The encapsulation of β-lapachone in 2-hydroxypropyl-β-cyclodextrin inclusion complex into liposomes: a physicochemical evaluation and molecular modeling approach.

The aim of this study was to encapsulate lapachone (β-lap) or inclusion complex (β-lap:HPβ-CD) in liposomes and to evaluate their physicochemical characteristics. In addition, the investigation of the main aspects of the interaction between β-lap and 2-hydroxypropyl-β-cyclodextrin (HPβ-CD), using both experimental and molecular modeling approaches was discussed. Furthermore, the in vitro drug release kinetics was evaluated. First, a phase solubility study of β-lap in HPβ-CD was performed and the β-lap:HPβ-CD was prepared by the freeze-drying technique. A 302-fold increase of solubility was achieved for β-lap in HPβ-CD solution with a constant of association K(1:1) of 961 M(-1) and a complexation efficiency of β-lap of 0.1538. (1)H NMR, TG, DSC, IR, Raman and SEM indicated a change in the molecular environment of β-lap in the inclusion complex.
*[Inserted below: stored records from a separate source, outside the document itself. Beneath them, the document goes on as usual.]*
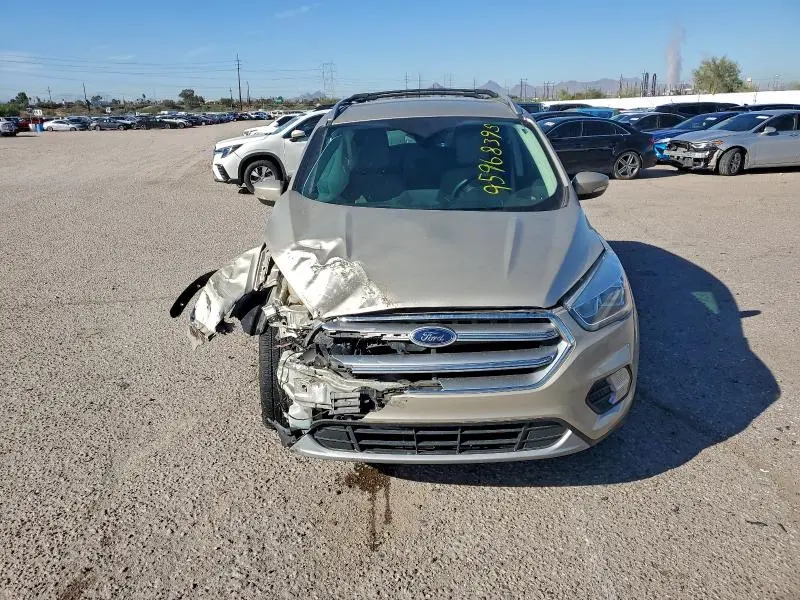 2017 FORD ESCAPE TITANIUM  
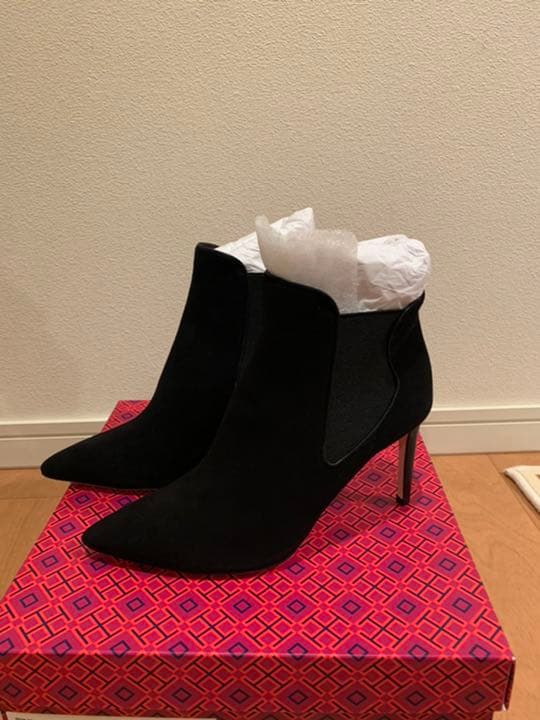 まなTory Burch Lancaster Suede Bootie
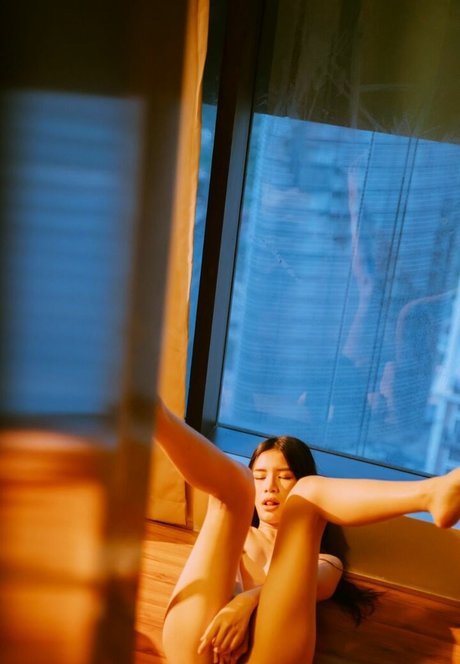 onlycarlyn star pornographic photos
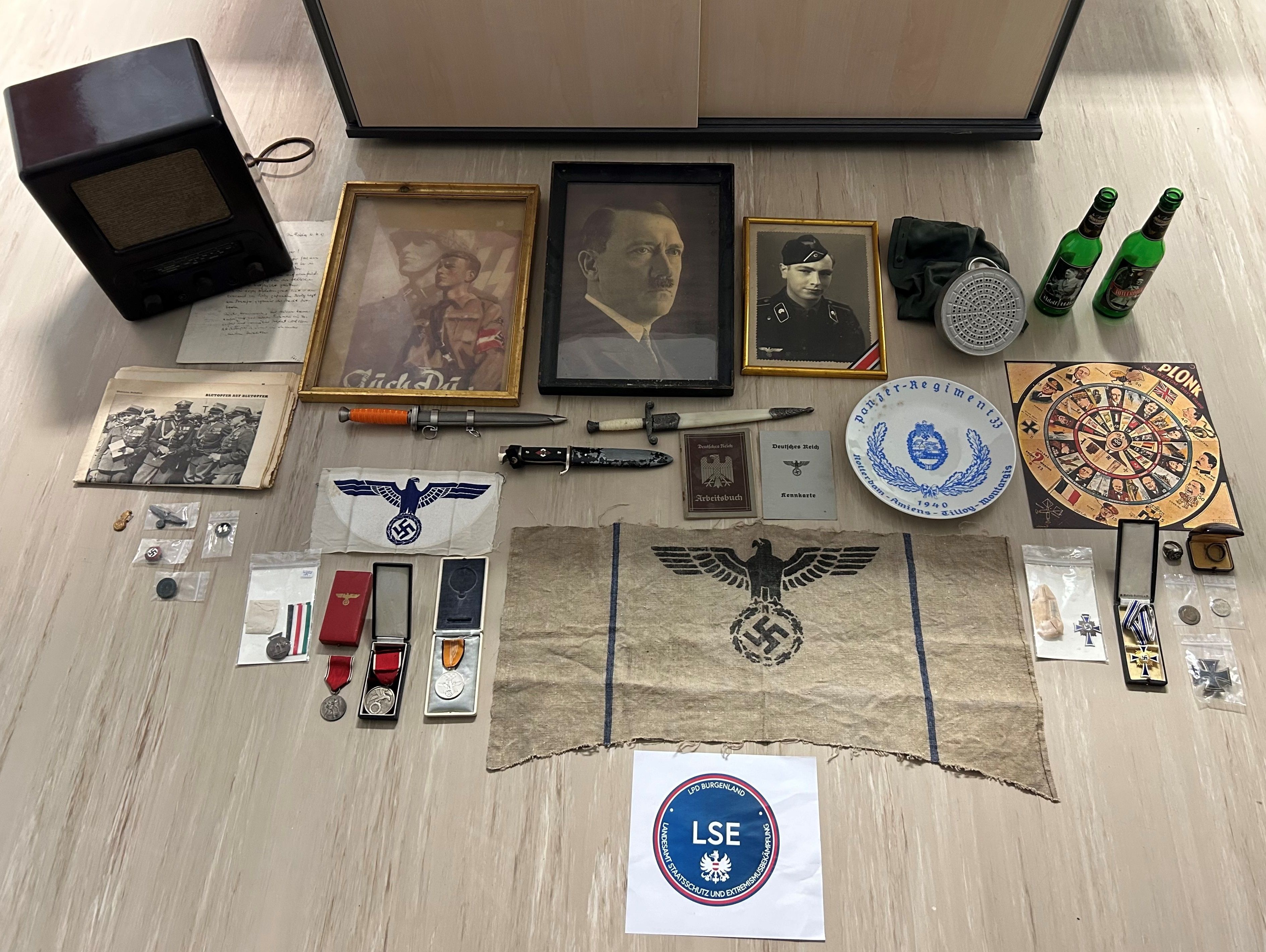 Im Zuge eines vom Staatsschutz koordinierten Einsatzes ist ein rechtsextremes Netzwerk zerschlagen worden, das unter Verdacht steht, einen illegalen NS-Devotionalienhandel betrieben zu haben.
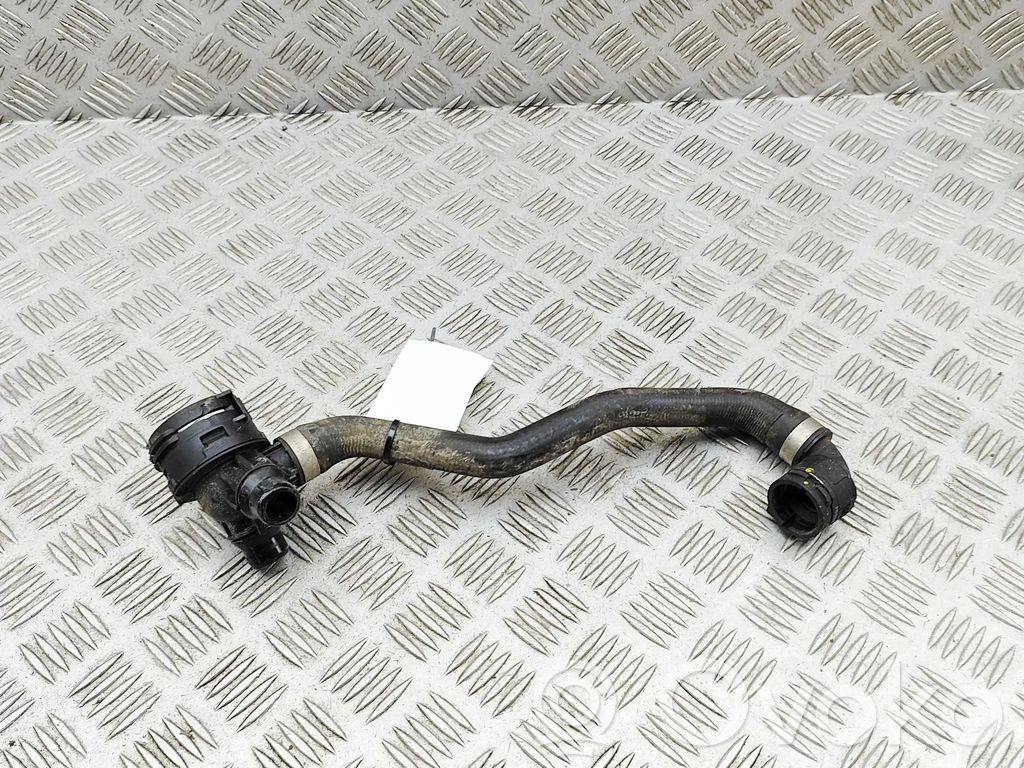 BMW iX Engine coolant pipe/hose 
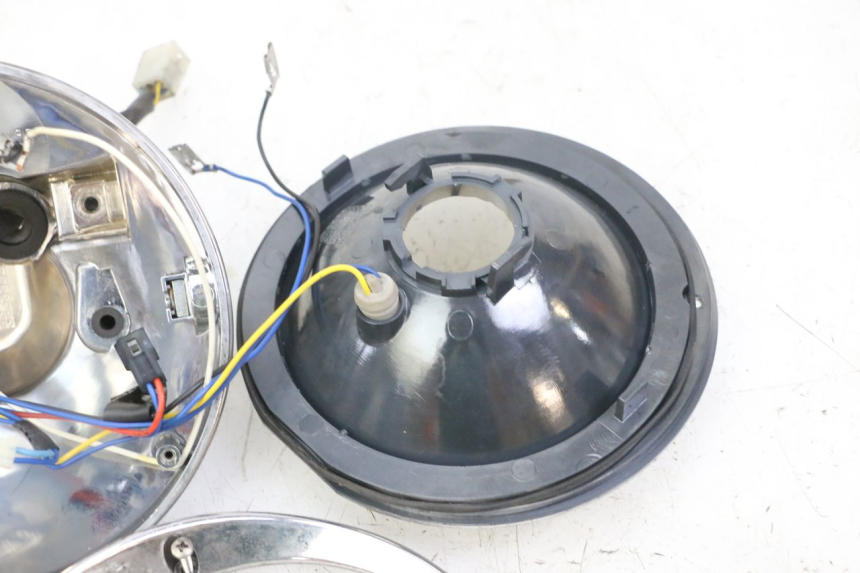 photo de SCHEINWERFER APRILIA SCARABEO GT TOURING 125 (1999 - 2005) - Hochauflösende Nahaufnahme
Molecular modeling confirms these results suggesting that β-lap was included in the cavity of HPβ-CD, with an intermolecular interaction energy of -23.67 kJ mol(-1). β-lap:HPβ-CD and β-lap-loaded liposomes presented encapsulation efficiencies of 93% and 97%, respectively. The kinetic rate constants of 183.95±1.82 μg/h and 216.25±2.34 μg/h were calculated for β-lap and β-lap:HPβ-CD-loaded liposomes, respectively. In conclusion, molecular modeling elucidates the formation of the inclusion complex, stabilized through hydrogen bonds, and the encapsulation of β-lap and β-lap:HPβ-CD into liposomes could provide an alternative means leading eventually to its use in cancer research.